From an environmentalist’s point of view, this has been a great summer for Quinn (pictured at right with bags of more than 150,000 signatures from 12-year-old Abby Goldberg, who organized a petition urging him to veto an industry-backed plastic bags recycling bill).
“He’s been 100 percent,” said Max Muller, program director of Environment Illinois.
Call it the environmentalists’ summer of content.
- Quinn vetoed the proposed Leucadia Southeast Side coal gasification plant, which environmental groups opposed because of greenhouse gas emissions.
- He vetoed an industry-backed bill on plastic bag recycling that environmentalists didn’t think was strong enough.
- He signed a law to impose tougher safety measures on the use of a solvent commonly known as “perc” by dry cleaners that can seep into groundwater and the air.
- He signed a bill that block landfills from operating or expanding within Cook County, which environmentalists sought in order to prevent the Land and Lakes Landfill on the Chicago-Dolton border from expanding.

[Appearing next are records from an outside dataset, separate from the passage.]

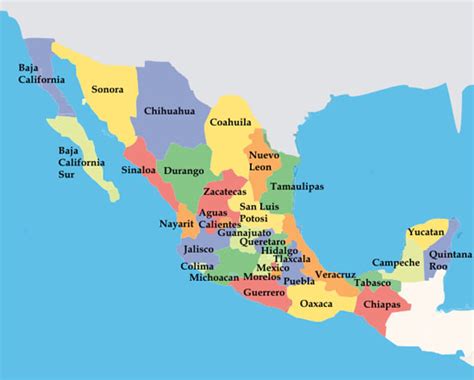 Mapa de los Estados que forman México. - Constituciones hispanoamericanas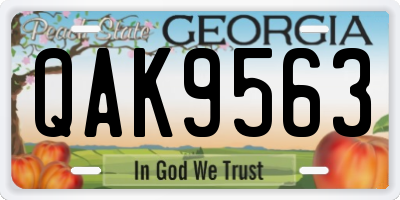 GA license plate QAK9563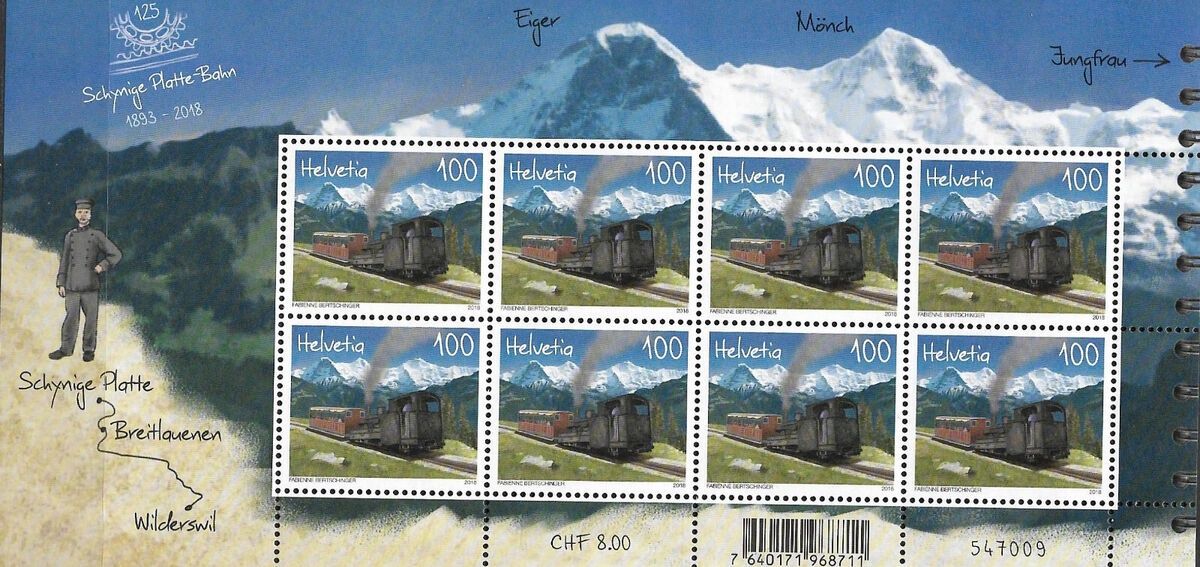 Alle Briefmarken: 💥2 Kleinbogen «Der Schynige Platte-Bahn» u. «Der Wengernal» – Neu und originalverpackt aus Galgenen von Krdshop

- At a signing in Lake County, he put his John Hancock on a cluster of bills, including one that provides new plumbing standards designed to encourage green technology.
“Quinn is starting to live up to the hopes that environmentalists had as being the greenest governor in Illinois history,” said Jack Darin, director of the Sierra Club’s Illinois chapter.
Muller agrees. “It has been an extraordinary year for Gov. Quinn on the environment,” Muller says. “He’s been rock solid for us, and some of his decisions on whether to sign or veto bills have not been particularly easy ones, either, like the [plastic] bag bill and the Leucadia bill.”
His record has earned Quinn a 100 percent rating for 2012 from the Illinois Environmental Council.
But even with Quinn’s support, environmentalists haven’t gotten everything they want. Both more funding for the Illinois Department of Natural Resources and legislation to regulate hydraulic fracturing failed in the Legislature.
Does pleasing environmentalists mean Quinn has antagonized business? Not necessarily. Doug Whitley, president and CEO of the Illinois Chamber of Commerce called Quinn’s record a “mixed bag.”
“The Leucadia bill was really the premier action in which we didn’t know where he would go, and we were really pleased [with his veto],” Whitley said.
Other pro-business measures Quinn signed included the extension of enterprise zones, the creation of a tax tribunal for the Illinois Department of Revenue – which is important to multistate taxpayers – and changes in procurement law that make it easier to do business with the state of Illinois, Whitley said.